(Beginning of SUPPLIED DATA)

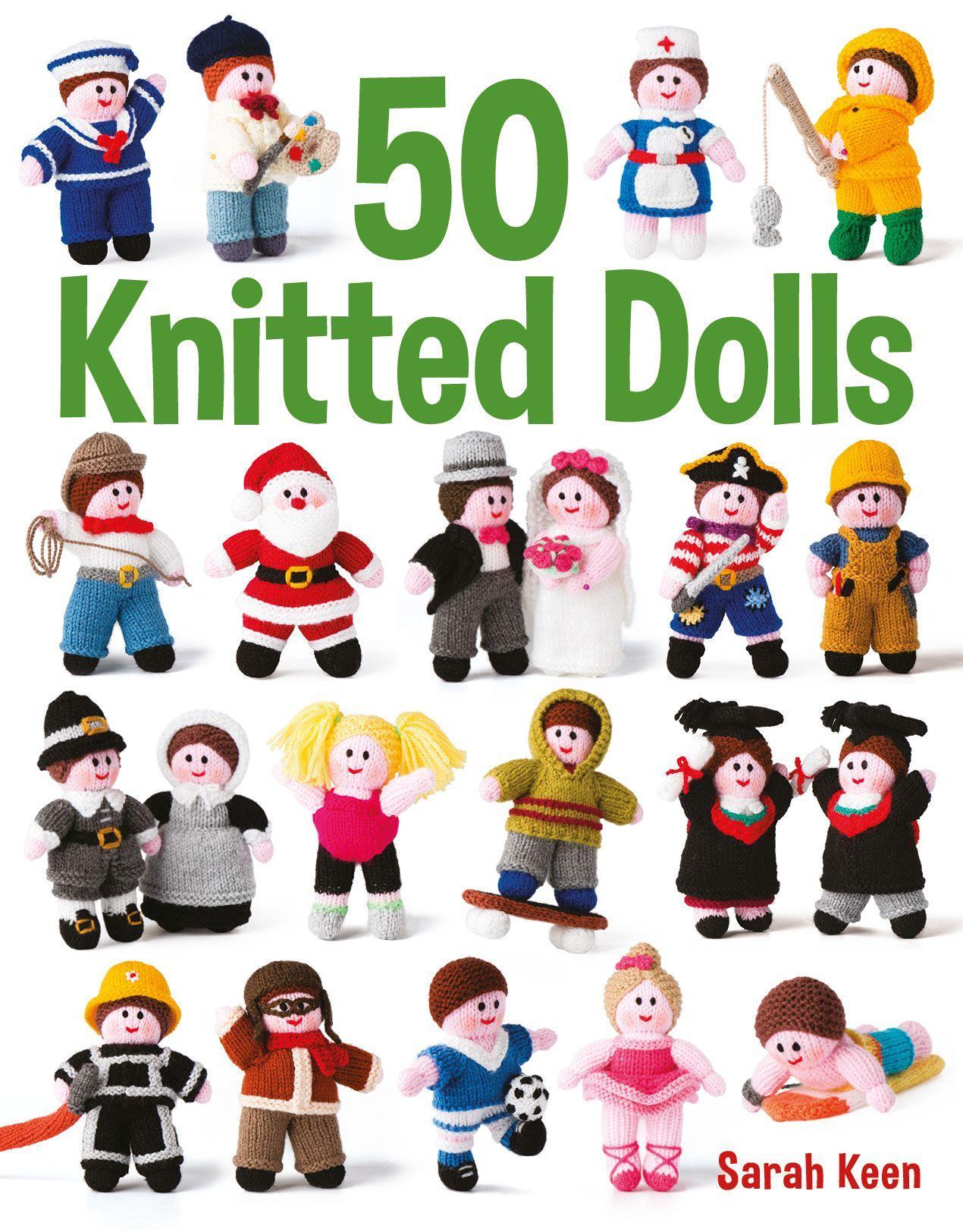 Cover: 9781784943462 | 50 Knitted Dolls | Sarah Keen | Taschenbuch | Kartoniert / Broschiert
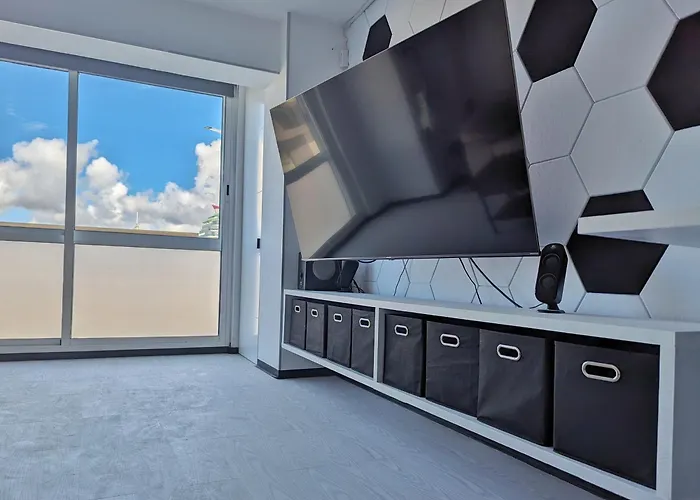 Estudio Al Mar En El Casco Vello De Διαμέρισμα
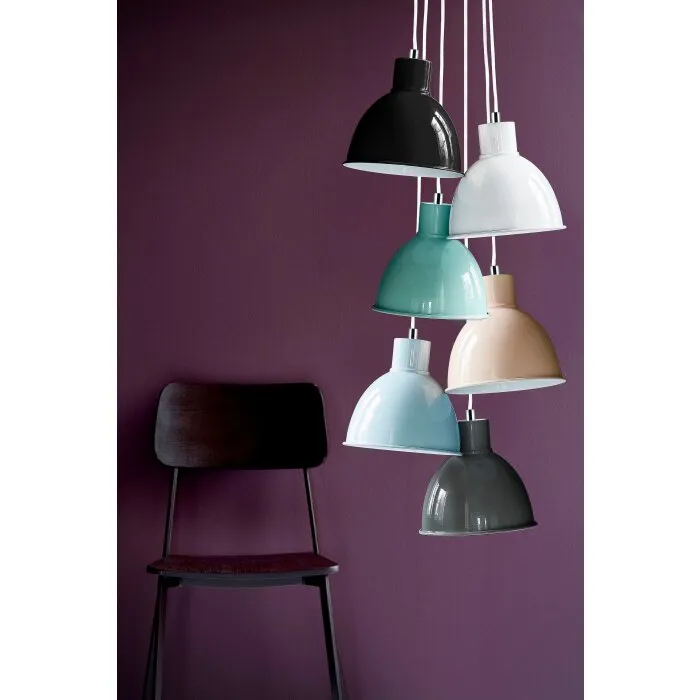 Nordlux POP Lampada a Sospensione Nero, 1-Luce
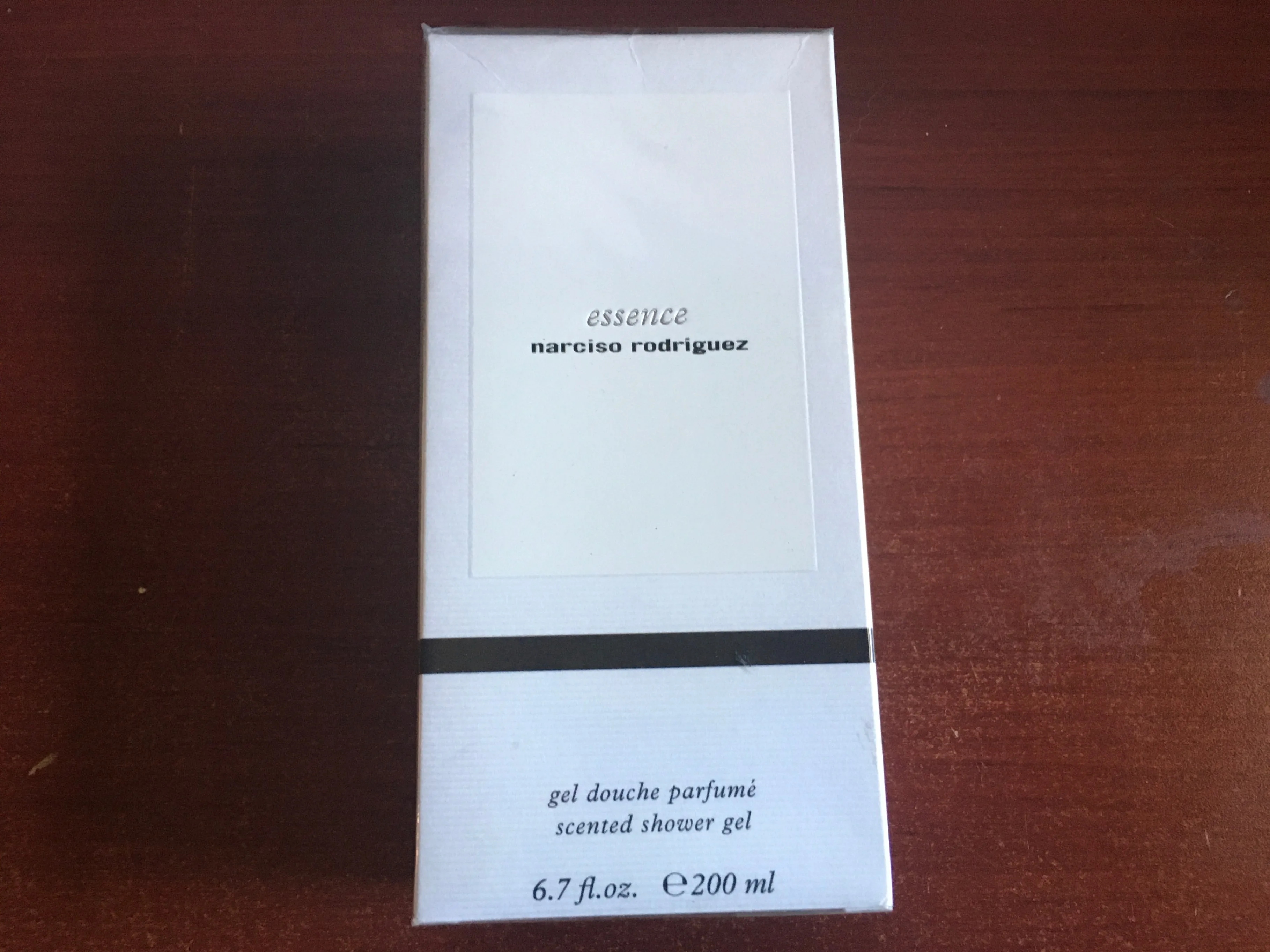 Narciso Rodriguez Essence Scented Shower Gel - New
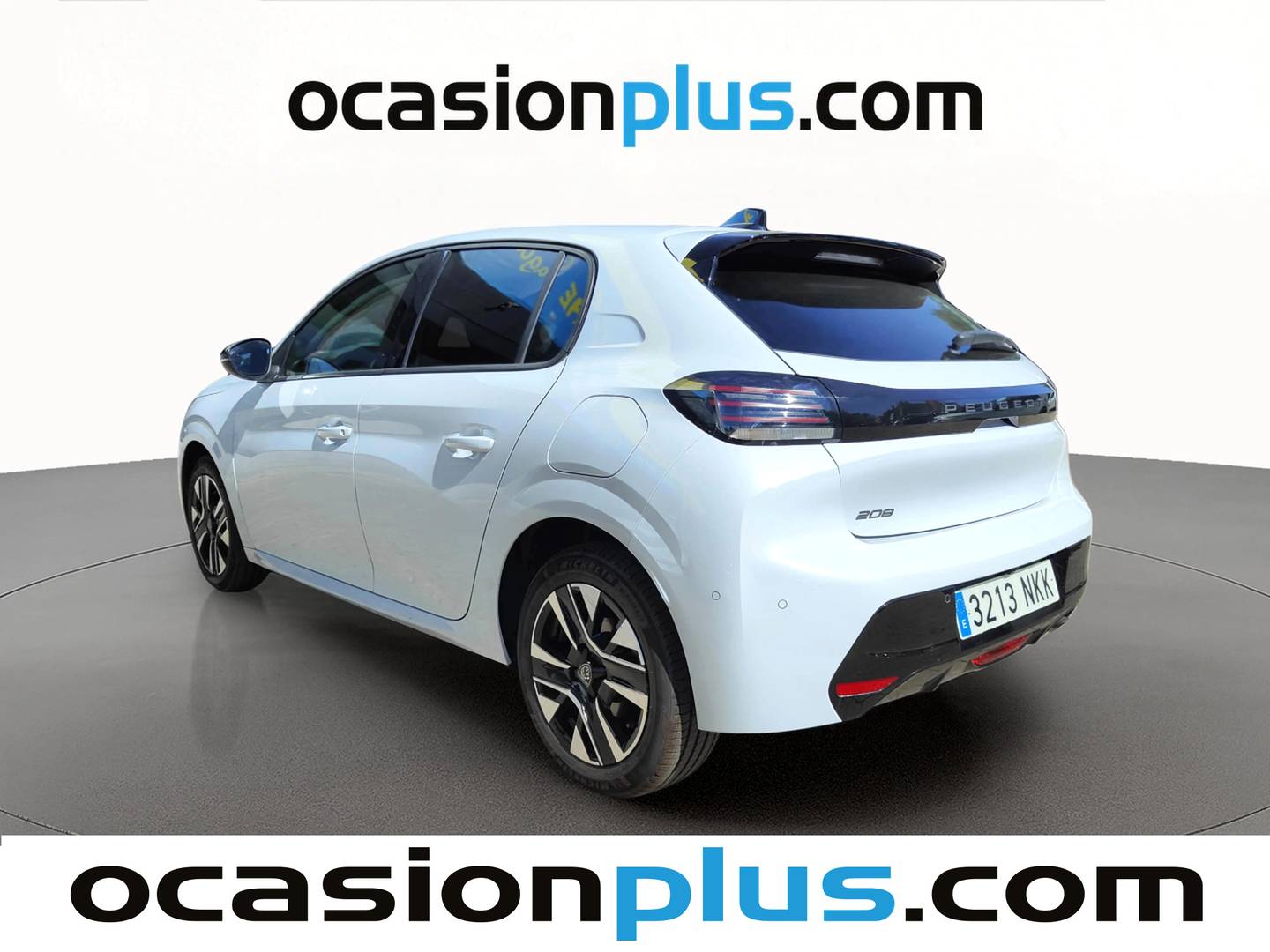 Foto trasera Peugeot 208 Peugeot 208 PureTech 100 Allure (100 CV) izquierda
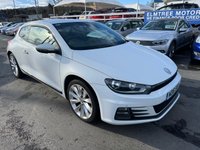 USED 2016 16 VOLKSWAGEN SCIROCCO 1.4 Petrol (TSI), BlueMotion Tech GT, Hatchback, 3 Door, Manual, Euro 6. FULL 12 MONTH MOT WITH EVERY CAR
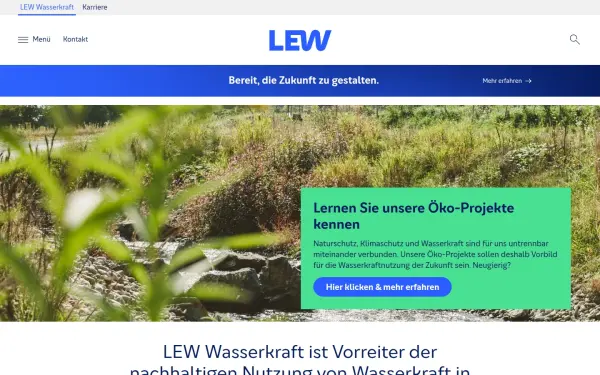 wasserkraft.lew.de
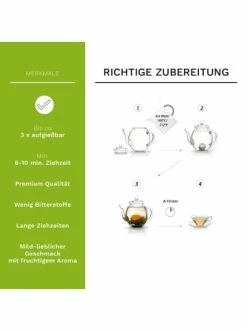 Neu ✨ Kaffee- & Teegeschirr Creano 12er Holzbox ErblühTee Grüner Tee "Fruity Flavor" Günstig Kaufen ✨ -Günstiges Creano Geschäft creano 12er holzbox erbluhtee gruner tee fruity flavor 2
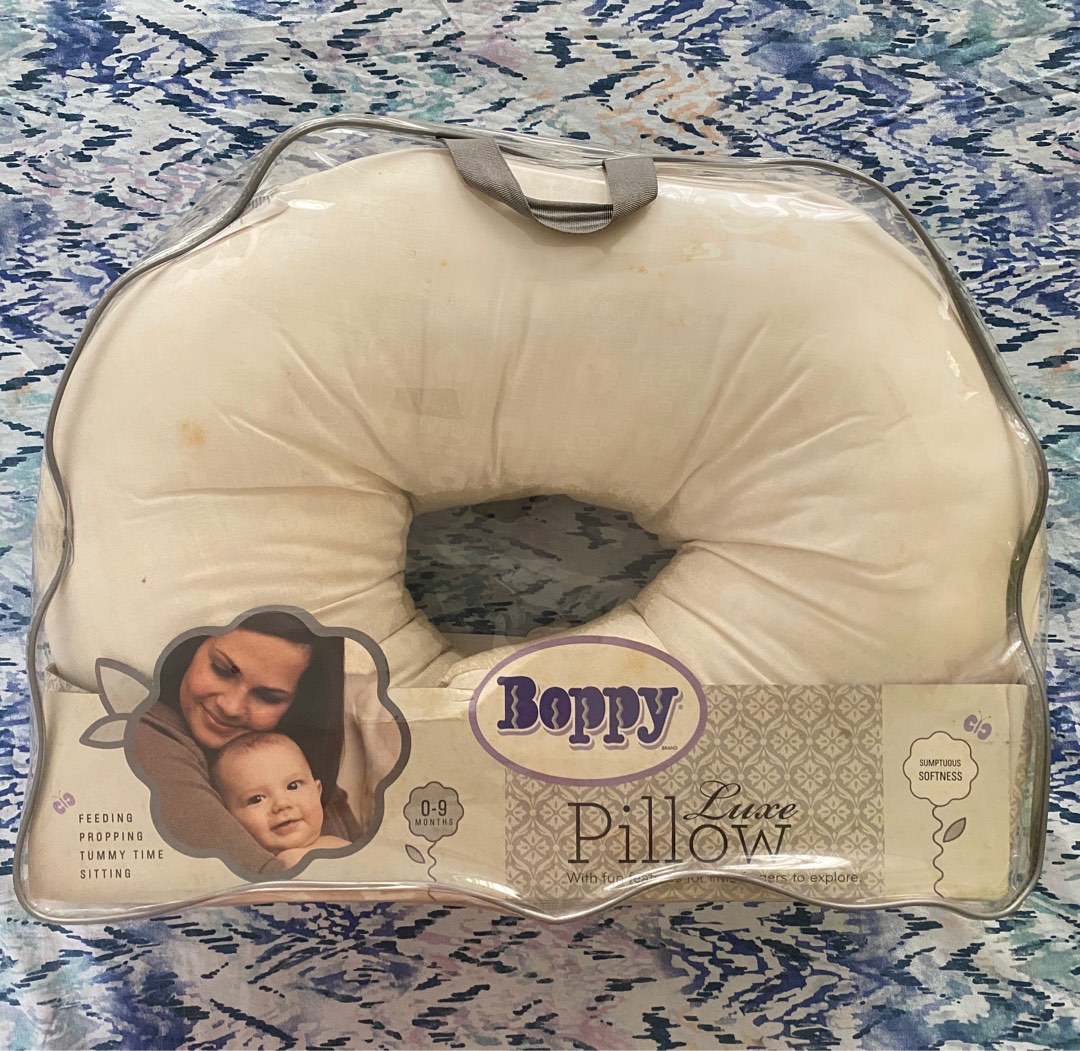 Boppy luxe nursing pillow clearance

(End of SUPPLIED DATA)

Print every entry above again without changing a word, and omit the pictures.

 Cover: 9781784943462 | 50 Knitted Dolls | Sarah Keen | Taschenbuch | Kartoniert / Broschiert
 Estudio Al Mar En El Casco Vello De Διαμέρισμα
 Nordlux POP Lampada a Sospensione Nero, 1-Luce
 Narciso Rodriguez Essence Scented Shower Gel - New
 Foto trasera Peugeot 208 Peugeot 208 PureTech 100 Allure (100 CV) izquierda
 USED 2016 16 VOLKSWAGEN SCIROCCO 1.4 Petrol (TSI), BlueMotion Tech GT, Hatchback, 3 Door, Manual, Euro 6. FULL 12 MONTH MOT WITH EVERY CAR
 wasserkraft.lew.de
 Neu ✨ Kaffee- & Teegeschirr Creano 12er Holzbox ErblühTee Grüner Tee "Fruity Flavor" Günstig Kaufen ✨ -Günstiges Creano Geschäft creano 12er holzbox erbluhtee gruner tee fruity flavor 2
 Boppy luxe nursing pillow clearance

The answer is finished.